个人家庭背景因素较为复杂,通常考察的主要因素之一是父亲的职业影响。我们的数据结果显示,父亲为白领、工人、经商人员三种职业者,其在农村劳动的子代转化为非农职业的概率明显比父亲为纯粹农民者(参照组)高出很多。从不同时期来看,父亲属于白领职业阶层者,在1958-1966、1967-1981两个时期,向工人阶层转化的概率分别是参照组的3倍、1.7倍。在改革以来的时期里,没有显示出显著差异。这是控制了“下放或知青”因素影响后的结果。身在城市的白领职业阶层,设法让自己的子女脱离农村劳动,在改革以前也许存在更多的便利条件,比如优先搞到招工指标,但到了改革后,由于外出务工已经不再具有突破社会阶层界限的直接意义,大多数外出务工的农民在几年艰苦的城市生活后依然回到农村,因此白领职业阶层就不是让子女去从事此类城市人不愿接受的工作,而可能是通过其他途径将子女从农村输送出去。家庭中的社会资源变量也显示了同样的结果。在我们观察时点前一年,如果家庭中至少有一个村股级以上的干部,那么农民向工人阶层转化的概率在1958-1966、1967-1981两个时期,比家庭中没有此类社会资源的农民分别高出1.5倍和50%。同样,在改革时期这一因素没有显示出显著差异。父亲为村干部、乡村技术人员等农村精英职业者,对子女职业转换的影响没有直接体现出来,这可能是因为在模型中控制了干部资源因素。
父亲为工人、经商人员的农民,在三个时期向工人阶层转化的概率分别是参照组的2.5倍、2.2倍、1.7倍和2.2倍、2倍、1.5倍。父亲职业为工人而子女由农民转化为工人的概率大,这在“文革”后期和改革初期不难理解,因为当时的退休政策明确规定,工人退休时,可以为一名符合招工条件的子女解决城市户口和就业问题。

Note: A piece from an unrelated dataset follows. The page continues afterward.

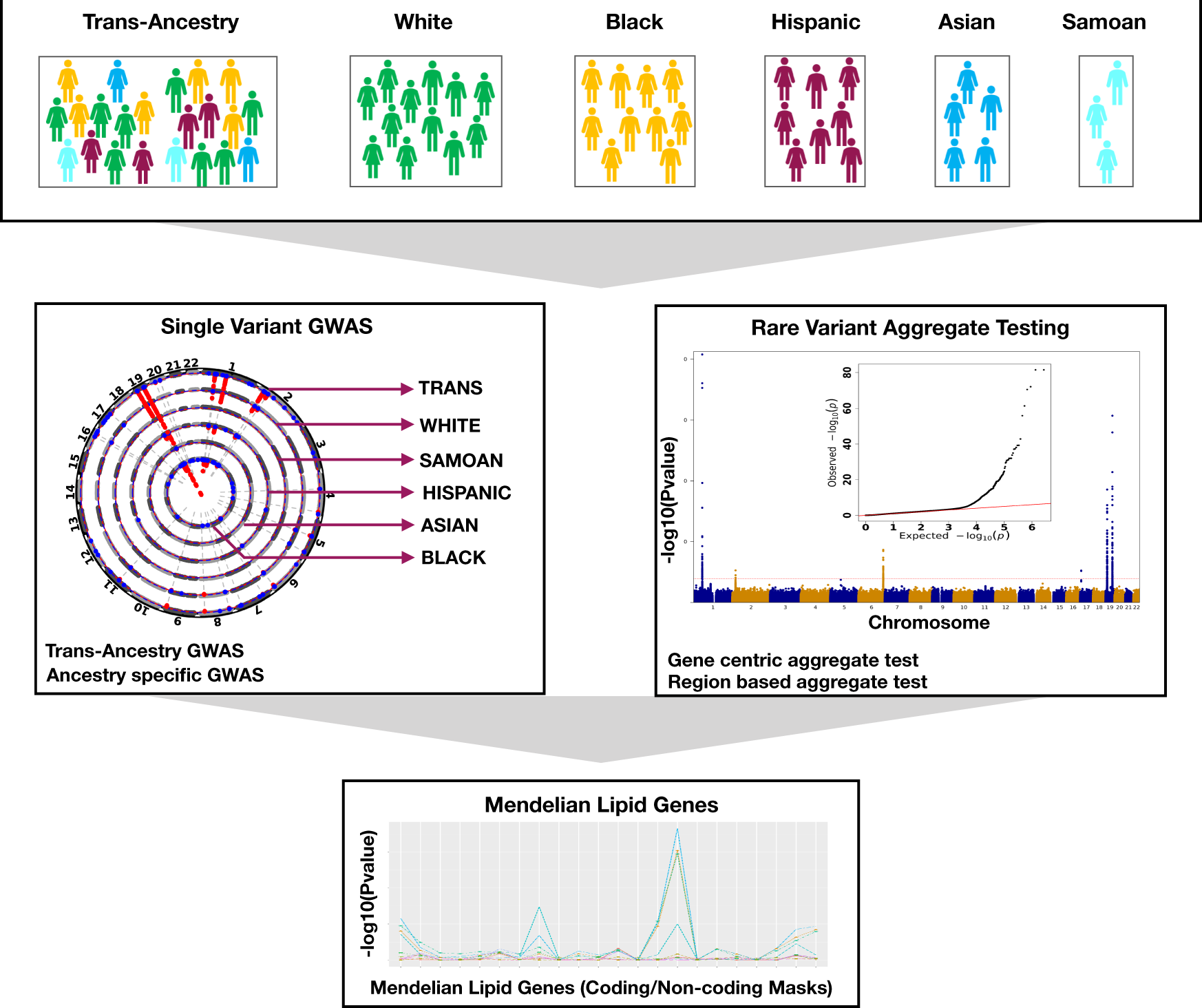 Fig. 1: Overall study schematic.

同时,父亲曾为产业工人或商业、服务业人员者,子女对城市生活可能更为熟悉,从而具有在城市寻找就业门路、适应城市生活的信息与资源优势,因此,他们也就更有可能走出农村。
从上面的分析可以看出,农村改革以前,父辈的职业地位、家庭中的再分配权力对促进职业转换与阶层地位的上升流动有着明显重要的意义,改革以来,这些因素有的仍在继续发挥作用,但是其影响程度减弱,有的甚至显示不出统计显著性来。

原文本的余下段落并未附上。